Indigenous populations in the Arctic

Map shows location of main indigenous peoples in the Arctic and the percentage of indigenous peoples in the Arctic areas of Arctic states

Source: CAFF 2001

Fishing, tourism, the fur trade, arts and crafts are traditionally important commercial activities in the Arctic, and an estimated 26 per cent of the jobs in Alaska depend on a healthy environment (Colt 2001). The economies of Greenland, the Faeroe Islands, and Iceland are dependent on fishing and fish exports (AMAP 1997) which account for 75 per cent of Iceland's exports (CIA 1998b). The fur industry crashed in the 1970s due to animal rights protests, and European and US bans on marine mammal products (Lynge 1992).

Tourism is increasingly important to Arctic economies. Summer tourist visits to Alaska doubled in the 1990s, reaching almost 1.2 million in 1999 (ADT 2000) and accounted for 3 per cent of Alaska's gross state product in 1998 (Goldsmith 1999). By 1999, tourism brought annual revenues of US$30 million to Nunavut and almost US$1 000 million to Alaska (State of Alaska 2001).

Exploitation of petroleum resources has fuelled economic growth in the Arctic nations. Nearly 85 per cent of Alaska's budget comes from oil revenues (State of Alaska 2001), and further developments are planned. Oil development has expanded to offshore Alaska, and exploration is occurring on the shelf of the Faeroes as well as in the Norwegian sector (Bjorsvik 2000). Oil and gas resources are developed in several regions of the Russian North, of which West Siberia has been assessed as the world's largest petroleum province (Klett and others 1997). Exploration in Northern Canada, the site of half of the country's estimated petroleum potential, has been revitalized in recent years (DIAND 2001).

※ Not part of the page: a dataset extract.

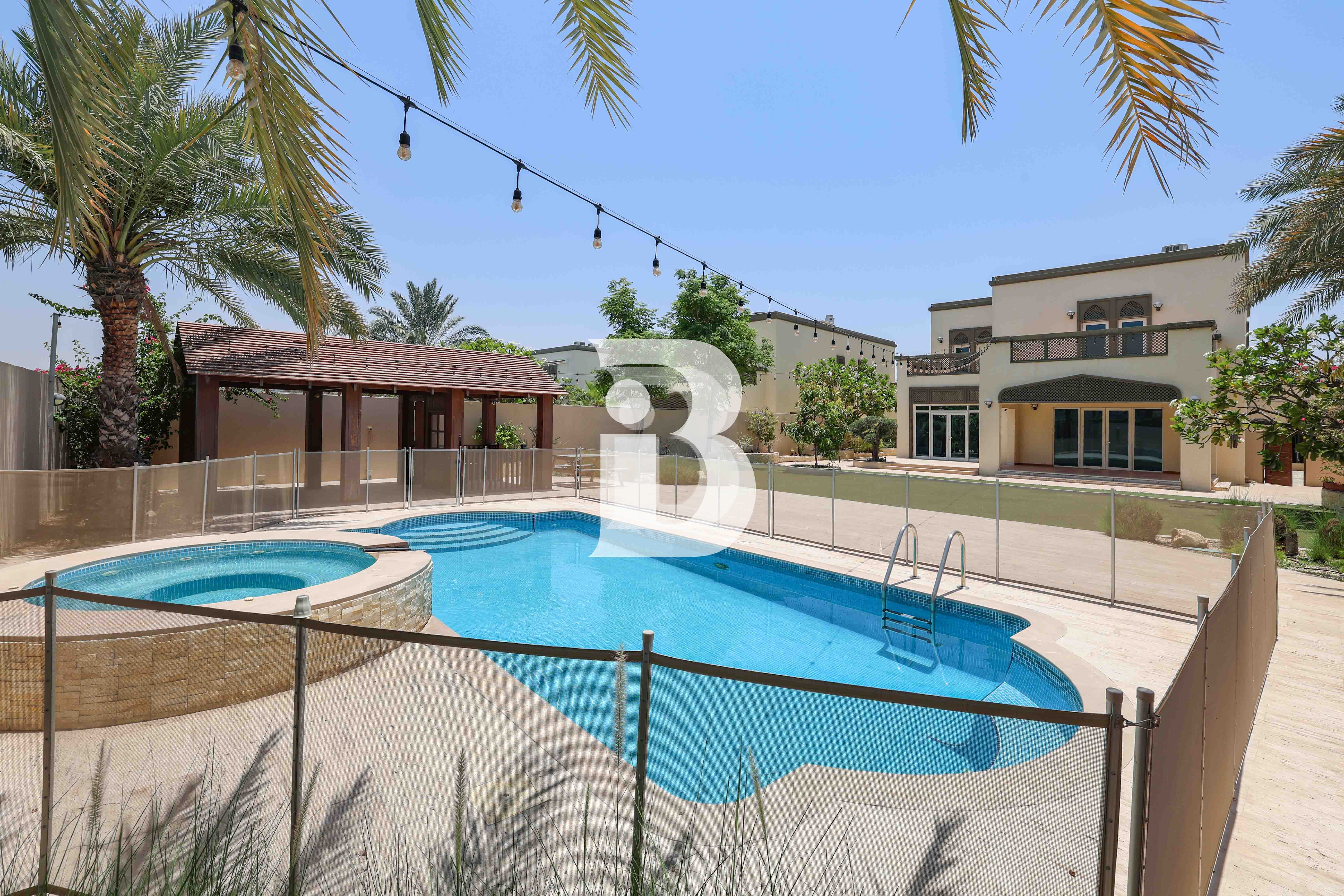 Must See | Amazing Lake View | Biggest Plot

Mining is another important economic activity for some countries. Alaska's mining industry was valued at more than US$1 000 million/year during 1995-2000 (Knowles 2001a). Gold, lead, zinc and diamond production continue to be important to the Canadian Arctic (BHP Billioton 2002). Lead and zinc mining has ceased in Greenland (Taagholt and Hansen 2001) but a new gold mine has started test production. Russia's Norilsk mining complex was the world's largest nickel producer in 1997 (Norilsk 2002).